Álvaro Morte'nin Türk izleyicilerine özel açıklamalarının bir kısmı:
La casa de papel ile Türkiye’de epey popüler oldunuz. İnsanlar sizi çok sevdiler ama açıkçası hakkınızda pek az şey biliyoruz. Kimdir Álvaro Morte? Nasıl bir çocukluk geçirdiniz, oyunculuğa nasıl adım attınız?
Her şeyden önce, dizinin Türk hayranlarına desteklerinin ve sevgilerinin farkında olduğumu söylemek istiyorum. Hepinize çok teşekkür ediyorum! Ayakları yere basan, aklıselim olmaya çalışan, normal ve basit bir insanım ben. Güney İspanya’da, Endülüs’te doğdum. Ailemde herhangi bir sanat dalıyla profesyonelce uğraşan kimse yoktu ama annem şarkı söylemeyi ve resim yapmayı çok severdi. Sanatsal tarafımı ondan aldığıma kuşku yok. Babamınsa girişimci ruhunu aldım. Yeni projelere el atmayı çok seviyorum, özellikle de tiyatro topluluğum 300 Pistolas ile... Ailemle İspanya’nın çeşitli şehirlerinde yaşadıktan sonra telekomünikasyon mühendisliği okumak üzere Kanarya Adaları’na gittim ama bölümü yarıda bıraktım. Tiyatro tüm hayatımı değiştirdi ve her şeyi bırakıp gösteri sanatları okumaya gittim.
Şöyle bir kariyerinize baktığınızda hangi yapım sizin için mihenk taşı oldu?
İki yapımdan söz edebilirim. Biri, bir İspanyol tiyatrosu klasiği olan Don Juan Tenorio. İlk sahne deneyimimdi, henüz 20 yaşındaydım. O an, asla oyunculuktan vazgeçemeyeceğimi hissettim; muazzam bir histi. Hayatıma damga vurdu.
Hayatıma damga vuran diğer yapımsa kuşkusuz La casa de papel. Profesör karakterini canlandırmak bana büyük mutluluk ve keyif verdi, halen de veriyor. Onun derisine nüfuz etmek oldukça zorlayıcı bir deneyimdi ama zorlandıkça daha çok keyif aldım.
(...)
La casa de Papel’e gelelim... Projeye nasıl dahil oldunuz?

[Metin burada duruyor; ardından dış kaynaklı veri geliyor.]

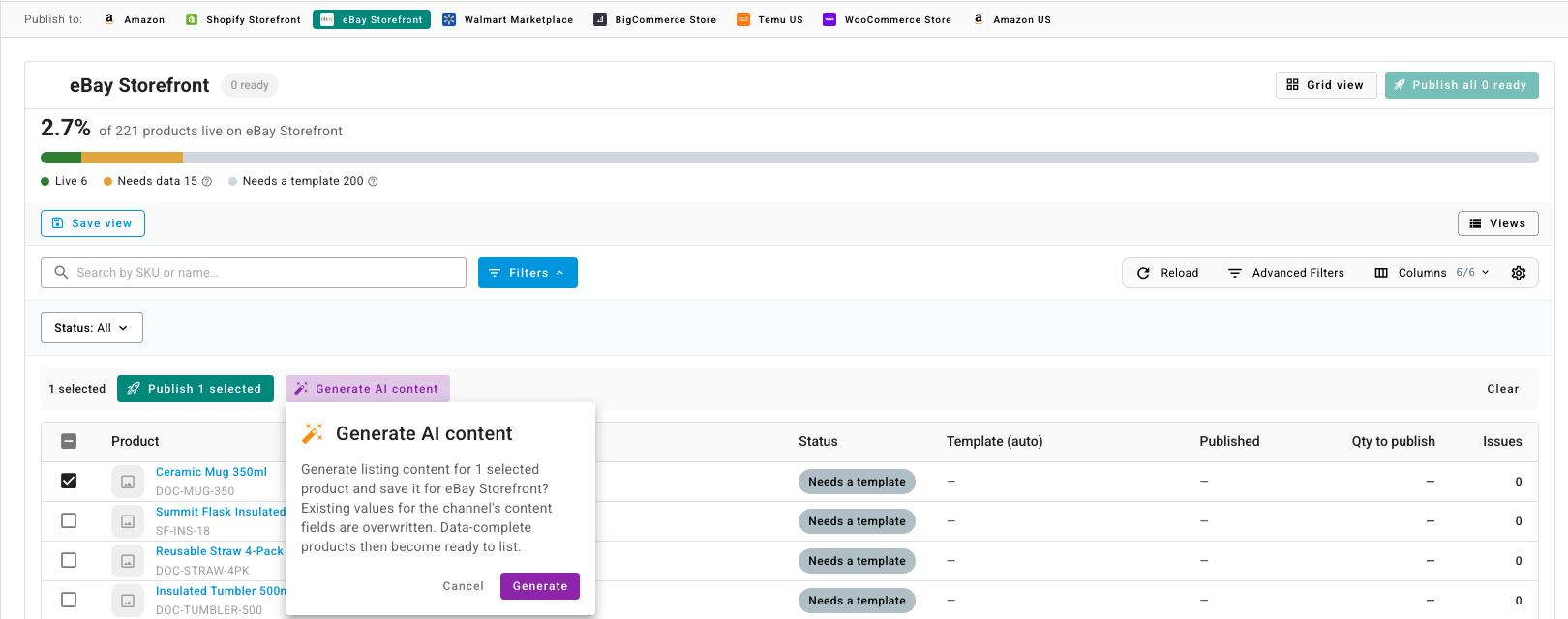 The Generate AI content confirmation for one selected product on eBay Storefront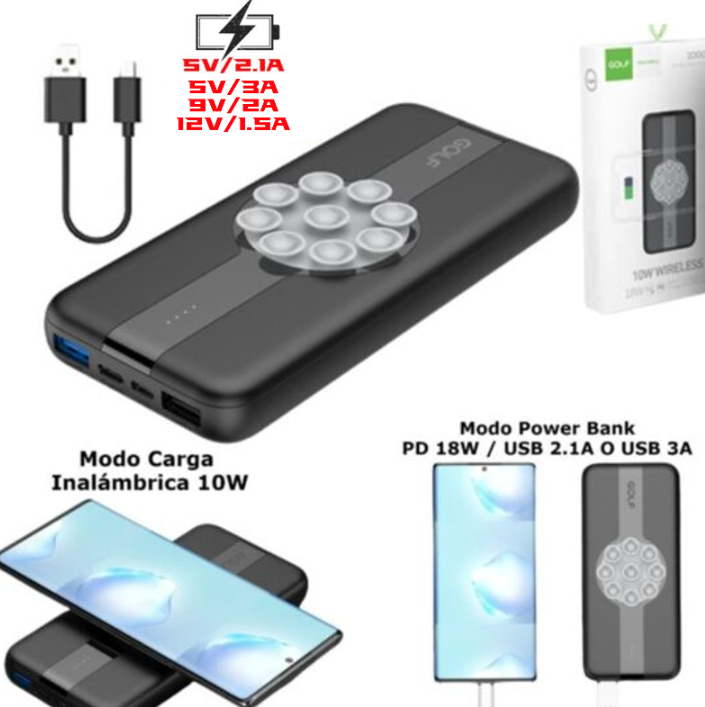 Power Bank GOLF Con Cargador Inalámbrico (QI) 10W / 10000 MAH / 2 USB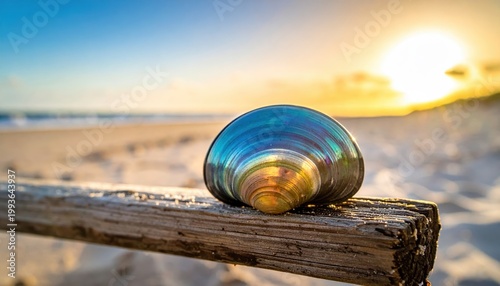 Colorful Shell on Driftwood at Sunset on Serene Beach Landscape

Beni tercih edenler cast direktörleri Eva Leira ve Yolanda Serrano’ydu. İki aydan fazla süre denendim. Oldukça iştah açıcı bir karakterdi Profesör ve haliyle rolü kapmak için sıkı bir rekabet vardı. Sonunda rolü bana verdiklerini söylemek için aradıklarında inanamadım!